Students, pleasure-seekers, and the demimonde are enjoying a night out, dancing and drinking and having fun. Faust enters, tired of a life of empty pleasure and seeking Marguerite. Mephisto has let it be known that Faust has a vast fortune to bestow on Marguerite, and girls claiming to be Marguerite appear from Japan, Italy, France and all over the world, but Faust rejects them all as fake. However, the real Marguerite does turn up at the club, back from teaching the English how to dance the can-can, and Faust is appalled to find such an "innocent" girl in these seedy surroundings. He is about to whisk her away in his carriage when her brother Valentin appears, back from the war, and is enraged to find Faust attempting to make her his lover. Valentin and Faust fight a duel, and aided by Mephisto, Faust kills Valentin and takes Marguerite away.

=== Act 3 ===

Marguerite's bedroom

Marguerite is waiting for Faust to appear, but is having trouble remembering his name, as she relives the pleasure she has experienced with a number of past lovers, one in particular called Adolphe. Faust comes in and Marguerite tries to give him some idea of her past life, praying to God for forgiveness. About to have supper, Marguerite and Faust are startled by the ghost of Valentin appearing in the soup tureen. The ghost of Marguerite's brother informs her that Faust's huge wealth comes from the devil but she doesn't care. Valentin's ghost also informs her that Faust, in order to be worthy of her, has given all his money to the poor and Faust confirms this, whereupon Marguerite bitterly denounces Faust for killing her brother and declares she wants nothing further to do with him.

=== Act 4 ===

Walpurgis Night

Witches, demons, ghouls and assorted spirits celebrate. Mephisto condemns Faust to fulfill his vow to be with the reluctant Marguerite forever, but her brother Valentin's soul is redeemed and goes to heaven.

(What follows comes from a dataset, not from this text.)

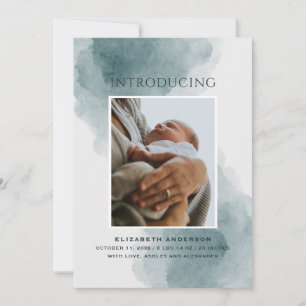 Introducing. Elegant watercolor blue baby birth Announcement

==Reception and performance history==
Le petit Faust was praised by contemporary critics for its lively and elegant music and ran for over 200 consecutive performances in its first run. The work was given productions in London and other European cities and revived frequently in France throughout the 19th century. It was produced by Alice Oates on Broadway in New York city in 1870 in an English version by Henry B. Farnie under the title Little Faust! A revival in Paris in 1935 featured Fanély Revoil as Mephisto. Recent productions include performances in 2015 at the Staatstheater am Gärtnerplatz, Munich. The Opéra de Marseille performed a new production of the piece beginning in March 2019.